Rubber fell as an advance in the Japanese currency against the dollar cut the appeal of yen- denominated contracts even after a stronger-than-expected U.S. manufacturing report boosted the demand outlook.
September-delivery rubber fell as much as 0.5 percent to 329.5 yen a kilogram ($4,015 a metric ton) before settling at 330.8 yen on the Tokyo Commodity Exchange. The most-active contract has advanced 26 percent this year. China’s markets are closed for a public holiday.

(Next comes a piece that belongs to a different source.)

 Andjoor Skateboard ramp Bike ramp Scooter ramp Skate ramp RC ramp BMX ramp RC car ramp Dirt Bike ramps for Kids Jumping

The yen advanced to the highest level in more than three weeks against the dollar amid investor concern manufacturing in China is weakening as government data conflicted with a private- sector purchasing-manager index. Futures were also sold as oil in New York fell from a three-day high, reducing the appeal of natural rubber as an alternative to synthetic products.
“Rubber was capped as it lost support from the currency and energy markets,” Kazuhiko Saito, an analyst at broker Fujitomi Co. in Tokyo, said today by phone.
Losses in futures were limited after manufacturing in the U.S. expanded at a faster pace than forecast in March, a sign that industry is weathering slower global growth.
The Institute for Supply Management’s factory index rose to 53.4 from 52.4 a month earlier, the Tempe, Arizona-based group’s data showed yesterday. Fifty is the dividing line between growth and contraction. Economists surveyed by Bloomberg News projected the gauge would climb to 53.
Thai rubber on free-on-board basis was unchanged at 122.55 baht ($3.98) a kilogram today, according to the Rubber Research Institute of Thailand. The price was supported by a government policy to boost domestic prices through rubber purchases and tree-cutting programs, said Chaiwat Muenmee, analyst at Bangkok- based commodity broker DS Futures Co.